What catches the eye is the $75.7 billion value assigned to 63 coal projects said to be in the feasibility stage, a list second only to the gas projects list ($104 billion in 11 projects). The inference there is that many of these will actually proceed in Australia’s high-tax, high-cost, anti-fossil fuel environment.
If it was not for someone else in a red suit chanting “Ho, ho, ho” as Christmas nears it would be The Hog doing a fine imitation of the famous “Ho, ho, ho” because the BREE list is straight from Santa’s big bag of wishful thinking.
The go-slow on Wandoan is an example of coal projects being whacked by government policies. The mothballing two days later of the Airly and Mannering mines by Centennial Coal is another example of how tough conditions are for coal mining, as if anyone in the industry needed reminding.
The second government trip to Santa’s fantasy land was the “all renewable energy” claim that came out in a report released last week confirming the rapid growth in the bureaucracy administering the government’s anti-carbon policies.
According to the latest count, there are four separate agencies running the carbon agenda. They are the Clean Energy Finance Corporation, the Climate Change Authority, the office of the Clean Energy Regulator, and the Australian Renewable Energy Agency.

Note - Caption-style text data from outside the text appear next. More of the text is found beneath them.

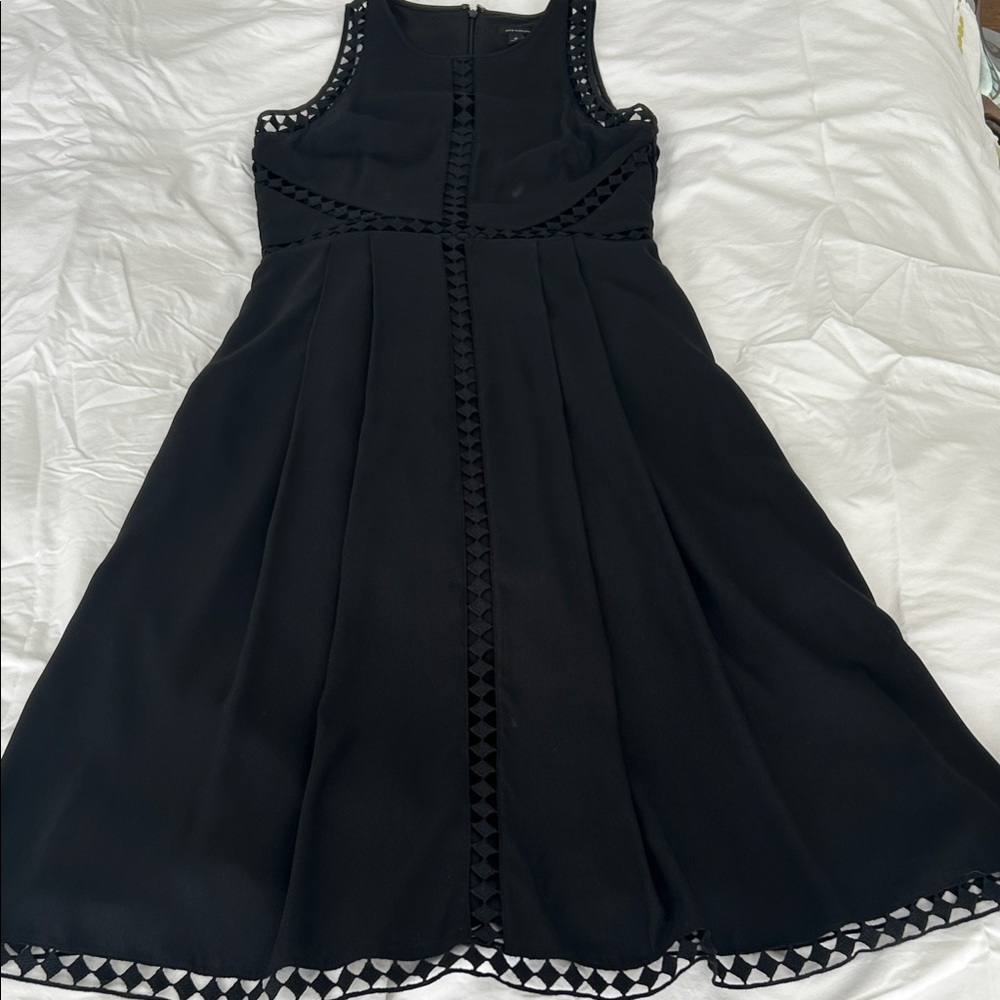 Elegant Black Woman’s Sleeveless Dress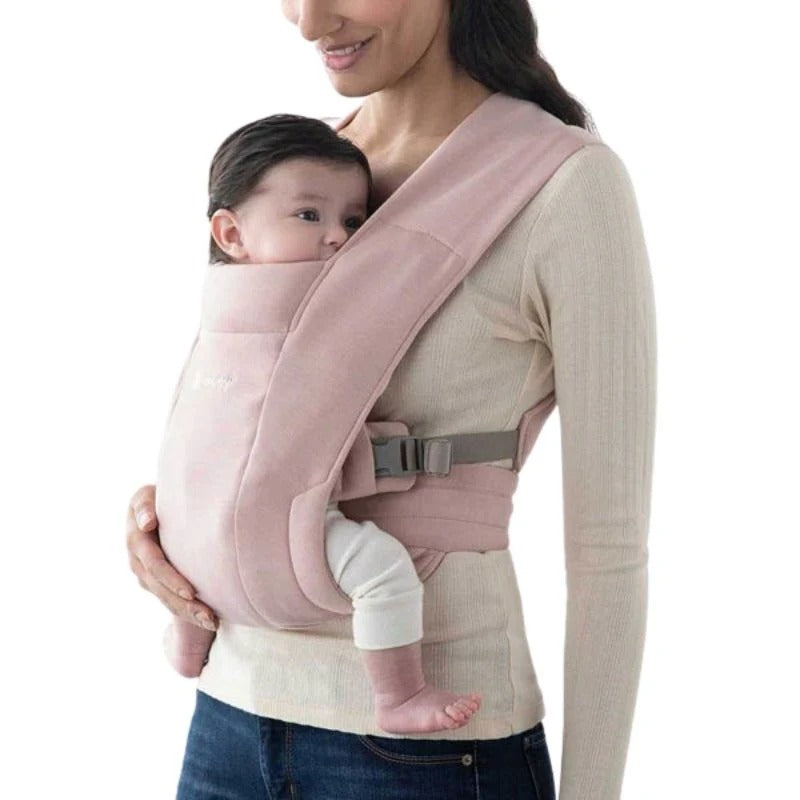ERGOBABY Embrace Newborn Carrier Blush Pink worn by mom carrying a baby in a soft-structured carrier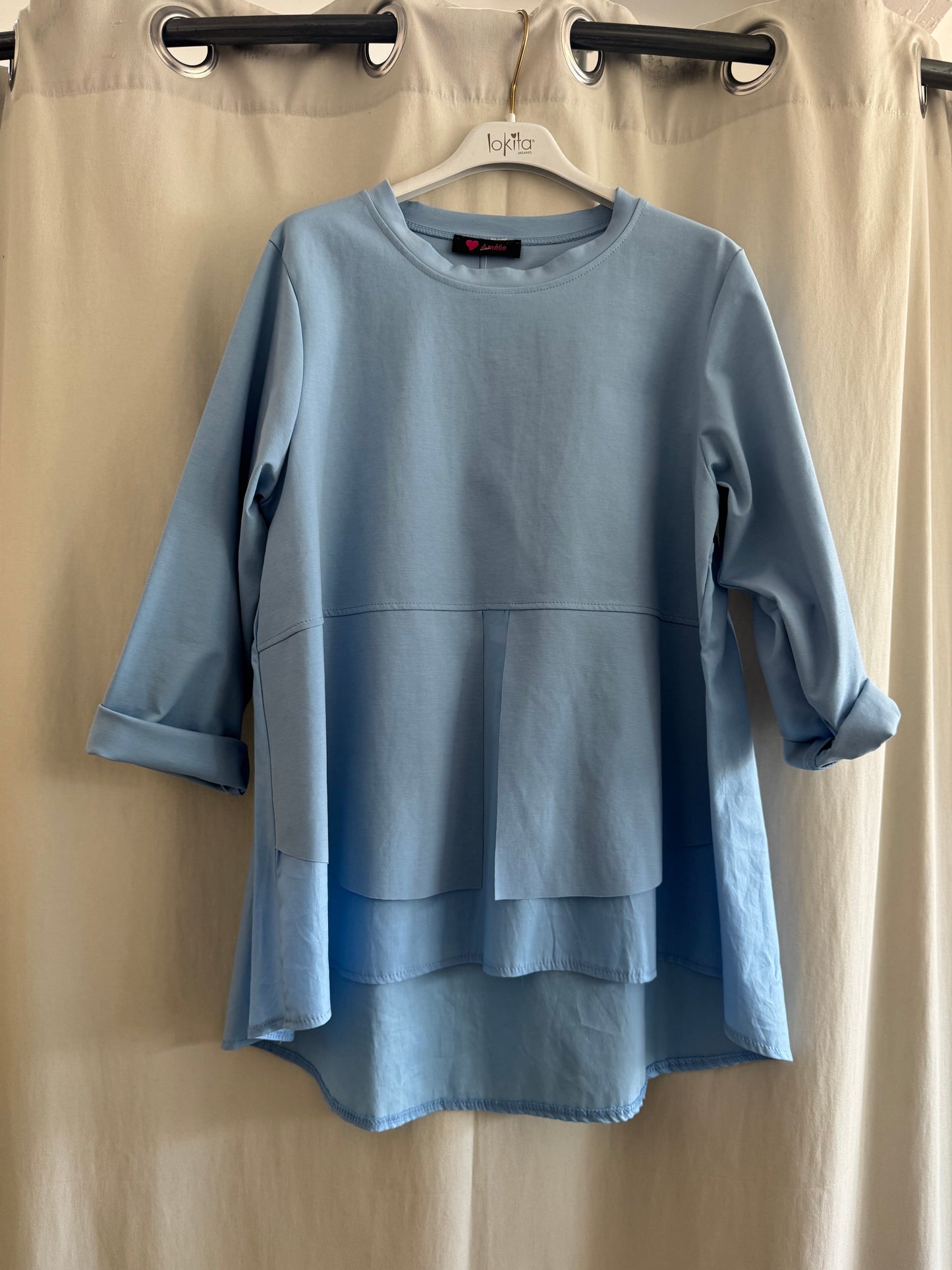 Maglia asimmetrica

Just how much this explosion in bureaucrats will cost taxpayers is a subject for another day. For now it is enough to consider what Flannery said and what came back as a powerful local reply, and an even more powerful reply from Europe.
Two days after Flannery’s famous “all renewables claim” the redoubtable climate sceptic and coal-industry champion Viv Forbes dashed off a brilliant follow-up letter which said, in part, that such an all-renewables achievement was “like me saying I could beat Roger Federer at tennis as long as he is forced to use a cricket bat instead of a tennis racquet”
“Any industry can be destroyed by taxing it to death while subsidising its competitors,” Forbes wrote, with the tax burdens of coal clearly in his mind.
“So the Flannery plan can be made to work as fast as he likes, but cheap reliable coal-fired electricity will not die alone. Consumers will suffer greatly, big industrial users will migrate, asset values will be destroyed and jobs will disappear.”
As if cued to pick up where Forbes finished, two of Europe’s largest industry groups chimed in with their concern about rising energy costs in the EU, and the threat of industry migrating to the US, where energy costs were falling, not rising.
Voestalpine chief executive Wolfgang Eder told London’s Financial Times newspaper that: “The growing gap between US and European energy costs was dangerous for all industries based in Europe because energy costs do not only influence energy intensive industries, but also the entire value chain.”
Siemens, the giant German industrial group, echoed the Austrian steelmaker’s complaint and a director of Dow Chemical said the availability of cheaper gas and oil in the US was a “game changer”
A policy document published by Orgalime and Ceemet, two Brussels-based industry groups that represent 200,000 companies in Europe, said the EU should “pay particular attention not to damage European manufacturing by unnecessarily driving up energy prices for little or no environmental benefit”
“The EU’s energy and climate change policies need to be realigned with economic reality,” the policy document said, which is very much the point being made by Forbes, and one that will come back to bite Australia very hard as it pushes energy costs up and drives manufacturing out of business.